1 files changed, 59 insertions, 2 deletions
diff --git a/report/pr-clustering/posterior.tex b/report/pr-clustering/posterior.tex
index c66eaa4c..734e53ed 100644
--- a/report/pr-clustering/posterior.tex
+++ b/report/pr-clustering/posterior.tex
@@ -20,7 +20,7 @@ category and then that category generates the contex for the phrase.
 
 \begin{figure}[h]
   \centering
-  \includegraphics[width=3.5in]{EMdigram}
+  \includegraphics[width=3.5in]{pr-clustering/EMdigram}
   \caption{Basic Phrase Clustering Model}
   \label{fig:EM}
 \end{figure}
@@ -64,8 +64,22 @@ from the output, EM is using more categories than we wanted for
 each phrase.
 Posterior regularization
 provides a way to enforce sparsity \citep{ganchev:penn:2009}.
+The general idea of posterior regularization is to modify
+E-step of EM, so that instead of using posterior distribution
+as the $q$ distribution directly, we want to find the nearest
+$q$
+in a constrained space  as shown in Figure \ref{fig:EMPR}.
+
+\begin{figure}[h]
+  \centering
+  \includegraphics[width=3.5in]{pr-clustering/EMPR}
+  \caption{EM with posterior regularization}
+  \label{fig:EMPR}
+\end{figure}
+
 The constraint we use here is called $l_1/ l_\infty$
-regularization.
+regularization in Ganchev's technical report. The notations
+we use here largely follows Ganchev's.
 In a more mathematical formulation, for each phrase $\textbf{p}$,
 we want the quantity 
 \[\sum_{z=1}^K \max_i P(z|\textbf{p},\textbf{c}_i) \]
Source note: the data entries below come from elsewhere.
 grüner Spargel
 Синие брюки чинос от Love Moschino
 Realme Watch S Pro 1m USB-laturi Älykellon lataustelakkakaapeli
@@ -79,3 +93,46 @@ are the same
 for all
 occurrences of $\textbf{p}$. That is ,
 $\forall i,j$, $P(z|\textbf{p},\textbf{c}_i)=P(z|\textbf{p},\textbf{c}_j)$. 
+
+Define feature functions for $i$th occurrence of phrase $\textbf{p}$
+with category $j$,
+as a function of category $z$:
+\[
+\phi_{\textbf{p}ij}(z)=
+\begin{cases}
+1\text{ if z=j}\\
+0\text{ otherwise}
+\end{cases}.
+\]
+For notation simplicity, for
+each phrase category pair, 
+define variables $c_{\textbf{p}z}$ that will
+eventually be $\max_i E_q[\phi_{\textbf{p}iz}]$.
+The objective we want to optimize becomes:
+\[
+\arg\min_{q,c_{\textbf{p}z}} KL(q||P_{\theta}) + 
+\sigma \sum_{\textbf{p},z}c_{\textbf{p}z}
+\]
+\[
+\text{ s.t. }\forall \textbf{p},z,
+E_q[\phi_{\textbf{p}iz}]\leq c_{\textbf{p}z}.
+\]
+Using Lagrange Multipliers, this objective can
+be optimized in its dual form,
+for each phrase $\textbf{p}$:
+\[
+\arg\min_{\lambda\geq 0} \log 
+(\sum_{z,i} P_\theta(z|\textbf{p},\textbf{c}_i)
+\exp (-\lambda_{\textbf{p}iz}))
+\]
+\[
+\text{ s.t. } \forall \textbf{p},z,
+\sum_i \lambda_{\textbf{p}iz}\leq \sigma.
+\]
+This dual objective can be optimized with projected gradient
+descent.
+The $q$ distribution we are looking for is then
+\[
+q_i(z)\propto P_{\theta}(z|\textbf{p},\textbf{c}_i)
+\exp(\lambda_{\textbf{p}iz}).
+\]